I use Google all the time and it's my only one...because I find ANYTHING I want to (and I mean that literally) within the first page or 2 of results...sometimes 3 if need be, very rarely beyond that. There's no need for "regulation." The last time fancy sheez tried to happen (when advertisers were paying to be at the top) was quickly discovered and debunked where it couldn't happen.

It all comes down to the following factors:

a) what you are searching for
b) where you are searching from (location)
c) what search engine you are using

Different engines return different results...or if you are smart enough to know and utilize there are sites that crawl a bunch of them at once, thus returning even more results (dogpile is one).

Who cares WHERE it comes from, just as long as you get your answer...which is I'm sure when many of us are searching for information what we ARE looking for...the answer to our question/query.

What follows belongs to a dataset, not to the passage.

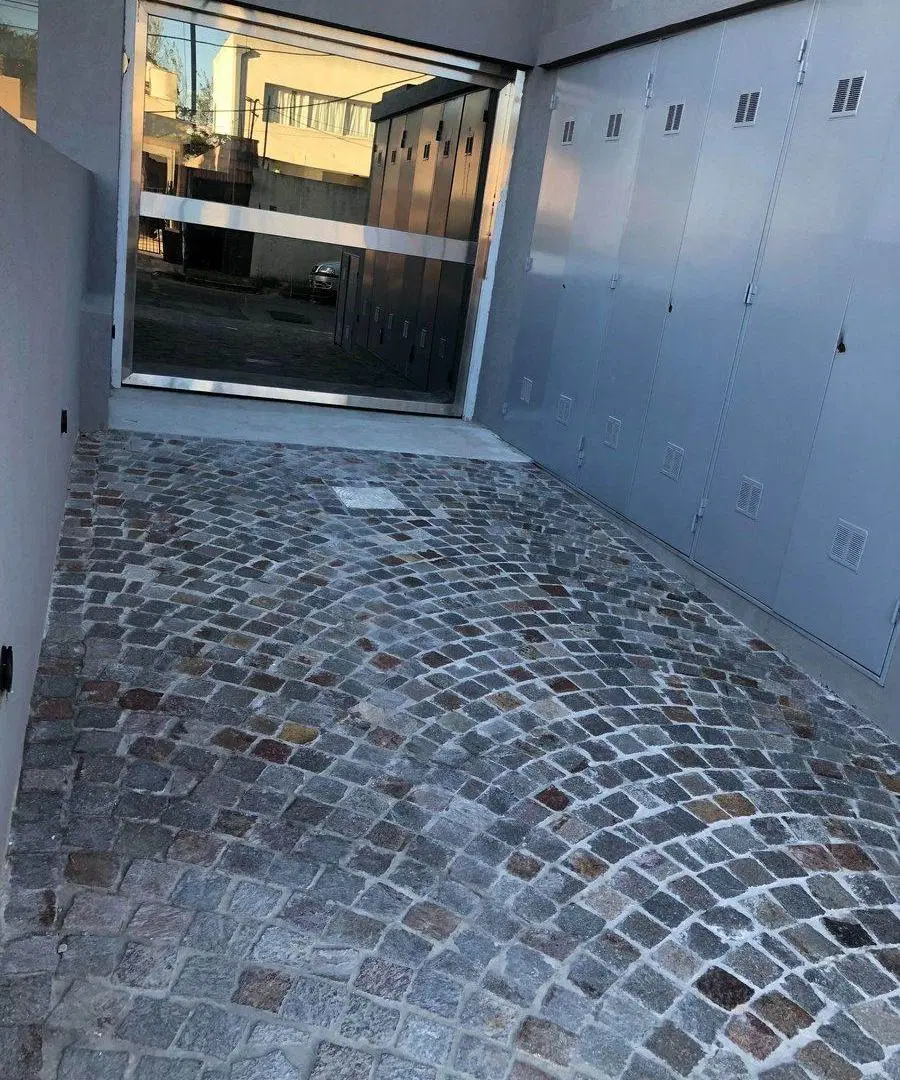 Departamento,Semi.piso,cochera cubierta,Bera Centr 4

This idea of regulation is just another bunk of k-rap.

Goog. vs. Gov.

Hmm, One regulator put in place to regulate another regulator? No sense in that. Results skewed toward one business and away from another, vs. over regulation and one political party using the regulation against another. That's not a good option. As long as regulation remains in the hands of the public, even a giant like Google could be brought down if needed, once it is in the hands of government, it is cnot regulated, it is codified, and available for what ever tyrant chooses to use it!

Regulation

Regulation mostly creates a bad taste for most, but is it not true that so many Search Engine are done in bad taste and are irresponsible in their ways with nothing to offer. Why not just cancel them withdraw there URL we have to many anyway and who can’t act responsible on the Net should not be on it anyway. Ernest from http://Directory.com.au

Bad idea

If the search engines are free then it should be up to them what they do. As long as they are ethical and fair I cannot see the problem. Because there are so many search engines available, they need to keep a good rep to stay popular.
If any gov controls the search engines there will be a massive cost, which will have to be paid by someone?